Hi all --

Chris (cmm) is arguing for a kind of "polymorphic convenience", focusing on a single operation where programmers do not care about specific properties of the collection at hand. The definition of "being a duplicate" is probably something like "a = b" and thus relying on the implementation of #=. I think that Christoph (ct) has a similar perspective here.

Vanessa (codefrau) is arguing for considering a broader context of what programmers are trying to achieve and how they think about their collections at hand. Here, "being sequenceable" seems to be somehow connected to figuring out what "being a duplicate in a container" means. Thus, it would be strange if #withoutDuplicates worked but a following "uniqueStuff first" would raise an error in certain cases. Additionally, "being a duplicate" seems to be tricky for more complex structures such as a Dictionary. There, "duplicate keys" are typically forbidden while "duplicate values" are okay. This property makes #withoutDuplicates a little bit more challenging to understand and use, depending on the kind of collection.

At the moment, programmers have to convert their collection to a sequenceable one to then be able to use #withoutDuplicates. This requires extra knowledge about the collection at hand.
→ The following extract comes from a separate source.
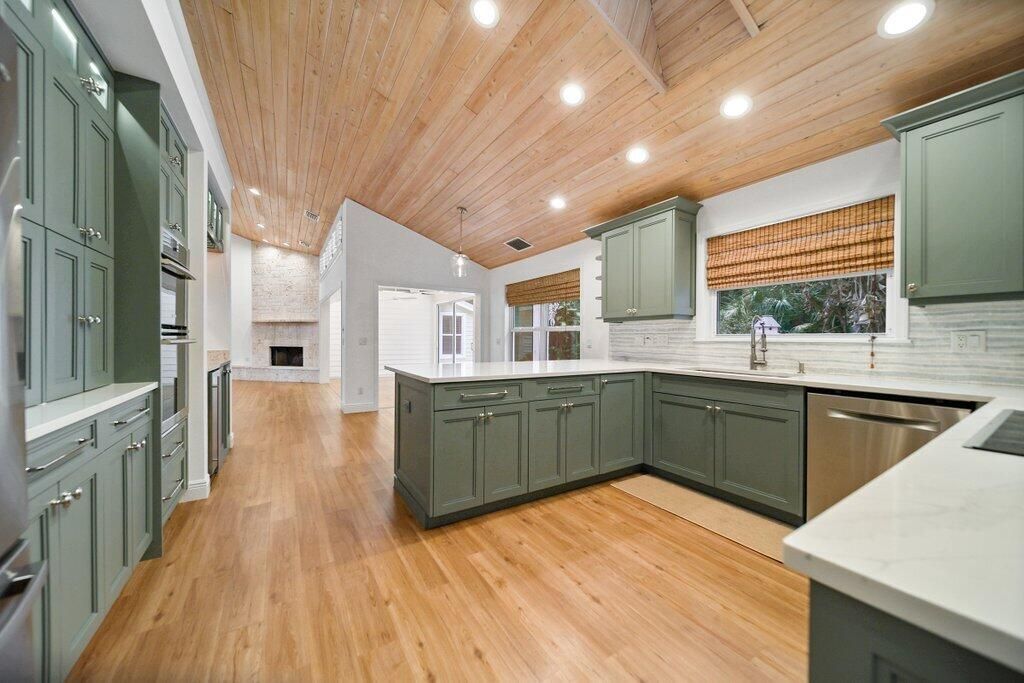 15 Heritage Way, Sewalls Point, FL 34996 Photo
We have checks such as #isSequenceable for that to avoid unnecessary conversions. However, following Vanessa's train of thought, that extra knowledge would also be required when #withoutDuplicates was moved to the top. Specifically, programmers would have to think about the next operations they want to perform. Then, a conversion might be necessary anyway.

As I cannot see any improvement of changing the status quo in this regard, I would argue not to move #withoutDuplicates to the top but keep it where it is.

Best,

Marcel

Am 13.06.2023 05:22:53 schrieb Chris Muller <asqueaker@gmail.com>:

Hi Christoph,

I was just wondering why we only define #withoutDuplicates on SequenceableCollection, since it does not depend on the order of the receiver and could be applied to other types of collections as well. For instance, Set could override it with ^self copy, Bags would be naturally covered as well, etc.

What do you think?

+1. IMO, the implementation of methods as semantically abstract as "collections" should drive the decision of where they reside. #size and #do: are the core methods of Collection. Any operation that can rely solely on those should reside in Collection.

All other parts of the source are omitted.